Maud Holland, LG (c. 1354 – 1392), also known by her titles through marriage as Lady Courtenay and Countess of St Pol, was an English noblewoman. She was a daughter of Thomas Holland, 1st Earl of Kent and Joan of Kent. After Thomas' death Joan married Edward the Black Prince, who was then Prince of Wales. One of Joan and Edward's sons (Maud's half-brothers) was the future King of England, Richard II. When she was aged around eight Edward arranged a marriage for Maud to Hugh Courtenay, whom she married, with royal and papal approval. Her husband, with whom she had no children, died in 1374. Maud was one of the first women to be invested as ladies of the Order of the Garter, when Richard II appointed many of his relatives to the order in 1378. In 1380 Maud married Waleran III, Count of Ligny, a French nobleman. After her death she was apparently buried in Westminster Abbey but the location of her grave is not known.

== Biography ==
Maud Holland was born circa 1354. She was the second daughter of Thomas Holland, 1st Earl of Kent and Joan of Kent. She had one sister, Joan, and two brothers: Thomas Holland, who became the 2nd Earl of Kent, and John Holland who became the 1st Duke of Exeter. After Maud's father Thomas' death in 1360 Joan married Edward the Black Prince, who was then Prince of Wales. Maud was therefore a half-sister to the future king of England Richard II (who was Edward and Joan's son).

Edward was involved in arranging the marriage of Maud. He agreed with Hugh de Courtenay, 2nd/10th Earl of Devon in October 1362, when Maud was aged around eight, that she would marry Devon's grandson and heir Hugh Courtenay. Devon promised to award Maud an annuity of 200 marks and the manors of Sutton Courtenay in Berkshire and Waddesdon in Buckinghamshire. In return Edward promised to pay Devon four instalments of 1,000 marks at 6-monthly intervals. The arrangements received papal dispensation from Pope Urban V and the approval of the English king, the Black Prince's father, Edward III.
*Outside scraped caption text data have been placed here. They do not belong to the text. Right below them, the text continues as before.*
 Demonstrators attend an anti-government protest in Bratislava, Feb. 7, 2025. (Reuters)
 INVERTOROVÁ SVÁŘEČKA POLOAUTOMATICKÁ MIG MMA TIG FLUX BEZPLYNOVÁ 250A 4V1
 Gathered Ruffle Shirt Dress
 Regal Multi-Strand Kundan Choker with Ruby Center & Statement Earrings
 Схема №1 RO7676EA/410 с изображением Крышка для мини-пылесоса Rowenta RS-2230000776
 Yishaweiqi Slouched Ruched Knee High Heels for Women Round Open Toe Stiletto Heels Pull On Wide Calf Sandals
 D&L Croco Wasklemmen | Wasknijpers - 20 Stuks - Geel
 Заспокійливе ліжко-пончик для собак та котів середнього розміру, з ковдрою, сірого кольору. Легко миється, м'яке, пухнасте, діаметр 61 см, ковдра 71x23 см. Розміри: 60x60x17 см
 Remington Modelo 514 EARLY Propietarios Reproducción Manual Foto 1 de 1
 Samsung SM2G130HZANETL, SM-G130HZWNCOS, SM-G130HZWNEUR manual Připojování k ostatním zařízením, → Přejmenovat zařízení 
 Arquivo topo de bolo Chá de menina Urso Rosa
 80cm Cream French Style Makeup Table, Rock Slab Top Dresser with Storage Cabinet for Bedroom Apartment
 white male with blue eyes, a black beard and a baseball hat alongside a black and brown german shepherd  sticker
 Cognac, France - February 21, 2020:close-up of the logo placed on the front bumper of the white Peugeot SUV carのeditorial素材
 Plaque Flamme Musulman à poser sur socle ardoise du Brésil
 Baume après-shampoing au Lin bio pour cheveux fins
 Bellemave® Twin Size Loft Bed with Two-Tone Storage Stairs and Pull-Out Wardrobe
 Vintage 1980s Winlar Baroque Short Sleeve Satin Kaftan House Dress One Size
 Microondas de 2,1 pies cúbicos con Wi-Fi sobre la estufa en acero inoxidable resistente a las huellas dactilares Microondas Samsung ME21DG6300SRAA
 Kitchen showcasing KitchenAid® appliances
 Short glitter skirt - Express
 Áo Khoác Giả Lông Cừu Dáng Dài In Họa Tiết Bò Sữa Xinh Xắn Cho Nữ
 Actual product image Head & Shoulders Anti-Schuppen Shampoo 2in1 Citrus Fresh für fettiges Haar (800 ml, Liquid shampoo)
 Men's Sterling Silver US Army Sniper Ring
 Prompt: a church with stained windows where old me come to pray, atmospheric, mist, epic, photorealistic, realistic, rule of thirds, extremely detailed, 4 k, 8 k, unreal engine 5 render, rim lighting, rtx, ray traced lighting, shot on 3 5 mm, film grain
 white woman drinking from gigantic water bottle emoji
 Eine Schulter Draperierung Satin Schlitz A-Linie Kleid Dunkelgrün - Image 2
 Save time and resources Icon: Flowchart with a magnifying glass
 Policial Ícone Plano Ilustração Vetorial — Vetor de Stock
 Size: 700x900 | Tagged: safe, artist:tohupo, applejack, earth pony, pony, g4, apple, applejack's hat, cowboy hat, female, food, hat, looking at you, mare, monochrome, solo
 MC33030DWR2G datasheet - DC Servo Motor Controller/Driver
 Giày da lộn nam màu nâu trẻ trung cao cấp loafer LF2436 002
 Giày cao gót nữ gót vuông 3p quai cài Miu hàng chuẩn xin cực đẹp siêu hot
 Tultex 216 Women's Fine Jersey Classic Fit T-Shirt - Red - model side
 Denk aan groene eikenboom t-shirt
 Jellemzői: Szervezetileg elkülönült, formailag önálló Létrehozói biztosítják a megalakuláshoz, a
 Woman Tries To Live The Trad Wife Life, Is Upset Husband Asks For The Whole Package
Around the middle of 1364 Maud and her brother Thomas, who was to be married to Alice FitzAlan, daughter of Richard Fitzalan, 3rd Earl of Arundel, were escorted back to England from Edward's court at Aquitaine in southern France for their marriages. Maud's wedding had taken place by February 1365, when the manors were granted. It is likely that she remained in her mother's household for some time afterwards as she was then aged around ten and the dangers of consummation of marriages in young girls were well known. Maud and Hugh had no children and Hugh had died by February 1374.

Although Richard II, who succeeded Edward III, appears to have had little interest in Maud and her sister Joan, he appointed Maud as a lady of the Order of the Garter on 23 April 1378. Only two women had previously been accorded this honour and Maud was one of eight invested that day, all close relatives of the king, including Maud's mother. At her investiture she received a pair of paternosters with gold fastenings from John of Gaunt, Richard II's uncle.

In 1380 Maud was married to Waleran III, Count of Ligny, a French nobleman, and afterwards lived in the County of Saint-Pol, one of Waleran's holdings from which she drew her title. Maud and Waleran had one daughter, Jeanne (d. 1407), who married Antoine, Duke of Brabant in 1401. Maud's funeral was held at Westminster Abbey on 23 April 1392 and was attended by Richard II. She was apparently buried in the abbey but the location of her grave is not known.